Short descriptive text snippets:
┌──

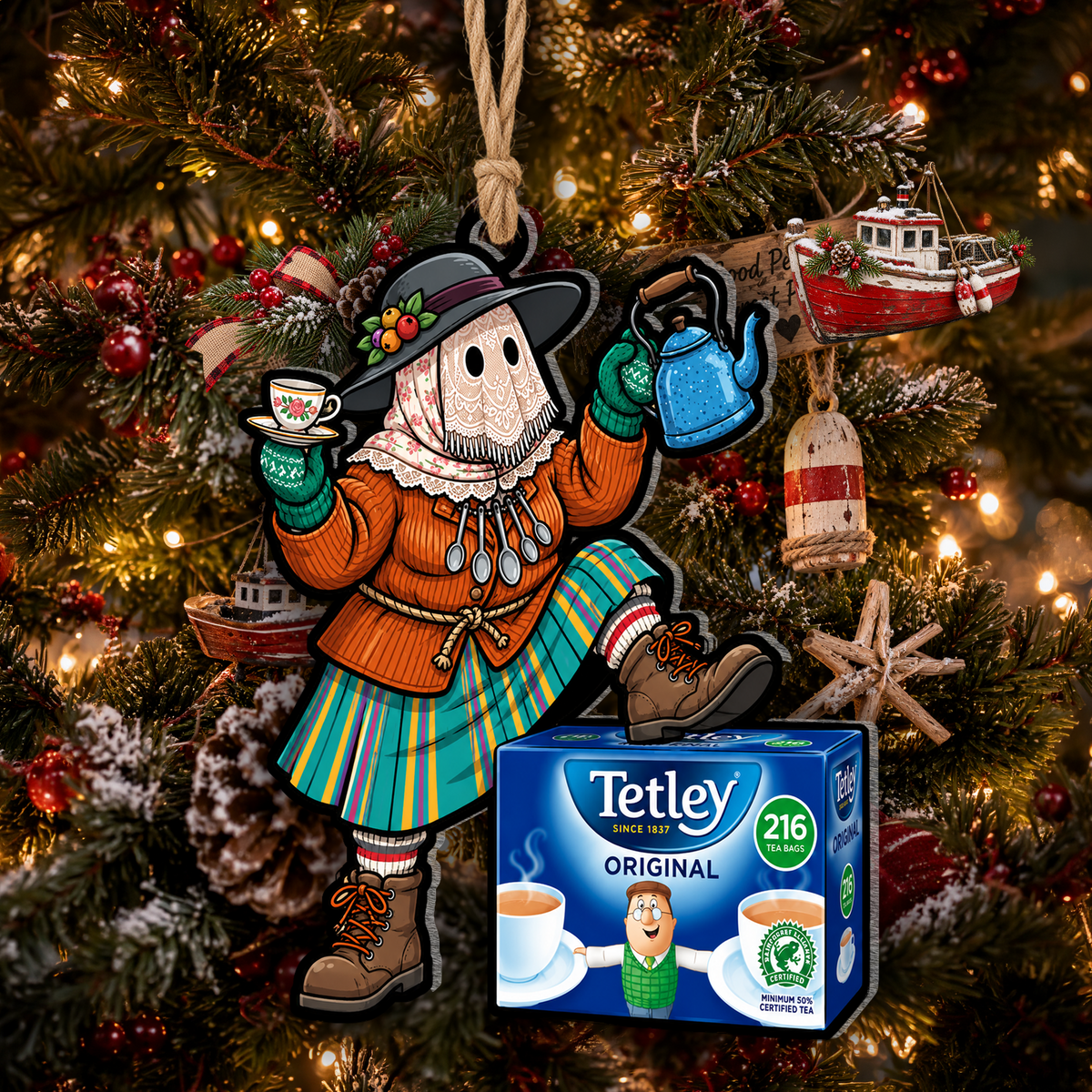 Mummers Ornament - Viola
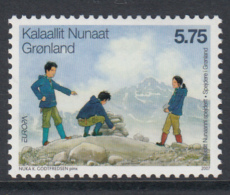 Greenland MNH 2007 Scott #493 5.75k Scouts And Rock Piles - EUROPA - Ungebraucht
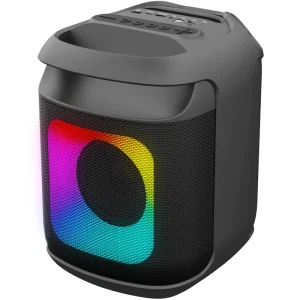OEM 15W Portable Speaker Bass Dynamic RGB Lights FM Radio IPX5 Waterproof 12 Hours Playtime USB for Outdoor Party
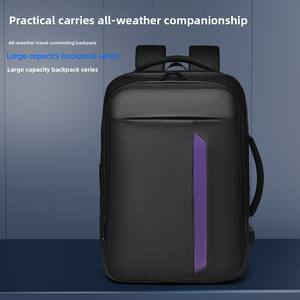 Sac à dos étanche de grande capacité pour ordinateur portable pour hommes d'affaires décontracté mode voyage navettage Oxford matériel polyester doublure sac - Product Image 3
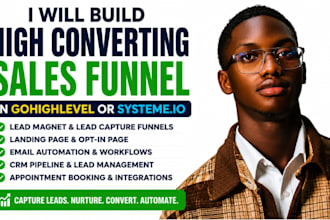 build a lead magnet funnel, lead capture funnel for coaches and creator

└──

## Problem to work on
An exact copy is required of the lines from the start of the records above through the line with "Sac à dos étanche", and only those, without any pictures.

## Response to the exercise
 Mummers Ornament - Viola
 Greenland MNH 2007 Scott #493 5.75k Scouts And Rock Piles - EUROPA - Ungebraucht
OEM 15W Portable Speaker Bass Dynamic RGB Lights FM Radio IPX5 Waterproof 12 Hours Playtime USB for Outdoor Party
 Sac à dos étanche de grande capacité pour ordinateur portable pour hommes d'affaires décontracté mode voyage navettage Oxford matériel polyester doublure sac - Product Image 3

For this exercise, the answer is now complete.